You’ve probably stood in a drugstore aisle holding two nearly identical lipsticks — one with a pink base, one with a peach base — and wondered which one would actually look right on you. Or maybe you’ve tried the vein test three times and gotten a different answer each time. You’re not imagining the confusion. Figuring out your undertone is genuinely tricky, and most of the advice online oversimplifies it.
Here’s the thing: your undertone is the single most important factor in choosing makeup that looks natural on you. Get it right, and foundations match on the first try. Lipsticks look intentional. Blush actually looks like a flush instead of a stripe. Get it wrong, and even expensive products look off.

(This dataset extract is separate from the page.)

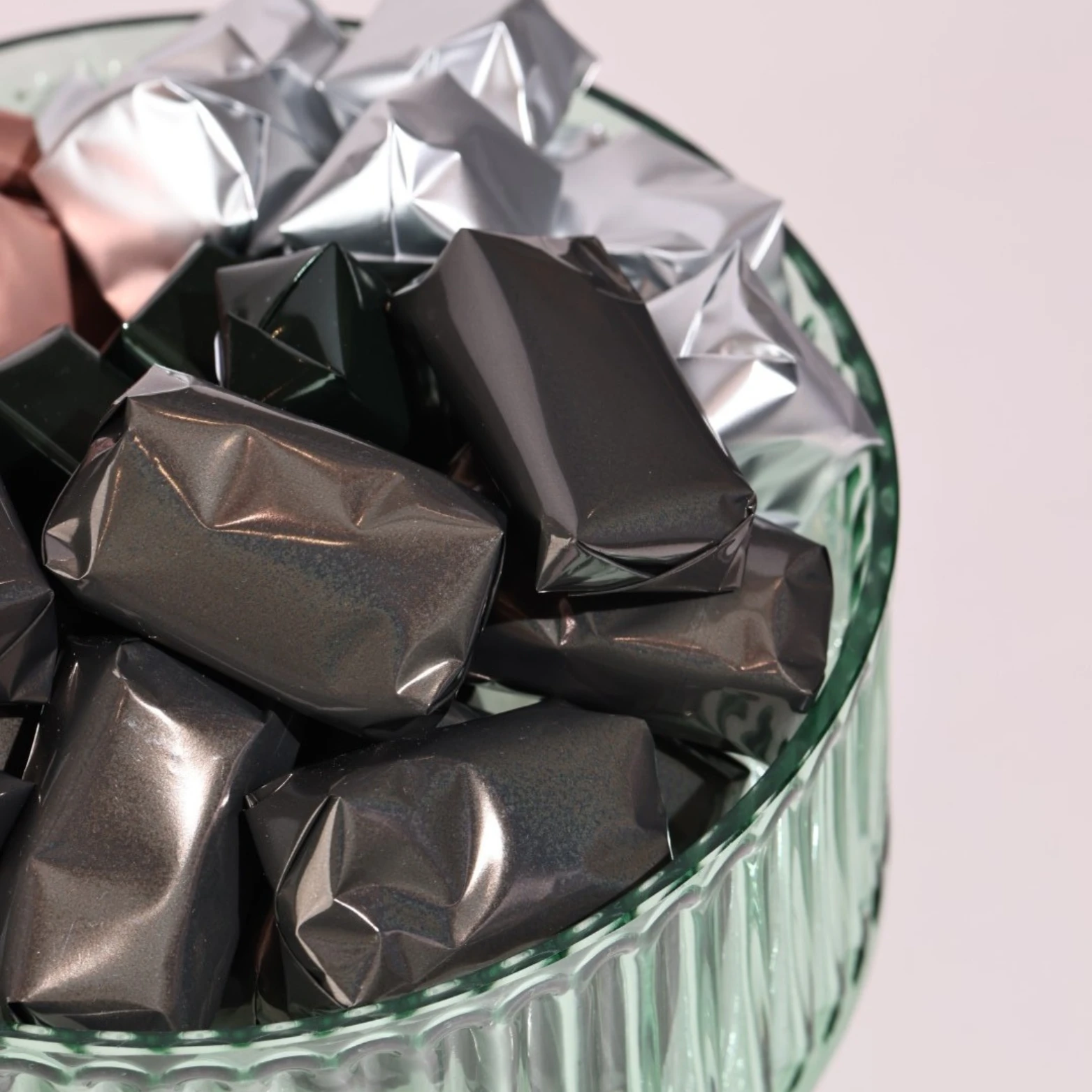 1KG Green Glass Footed Bowl, Les Arcs en Ciel - Image 2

So let’s figure it out — for real, with tests that actually work.
What “Warm” and “Cool” Actually Mean
Your undertone is the color beneath the surface of your skin. It doesn’t change with a tan, with rosacea, or with age. It’s constant.
Warm undertone means your skin has a golden, peachy, or olive base. You tend to tan easily and your natural flush leans peach or apricot rather than pink.
Cool undertone means your skin has a pink, red, or blue base. You may burn before you tan, and your natural flush is rosy or berry-toned.
Neutral undertone means you sit between the two — a roughly equal mix of warm and cool. About 20% of people land here, and if every test you’ve tried gives mixed results, neutral is probably your answer.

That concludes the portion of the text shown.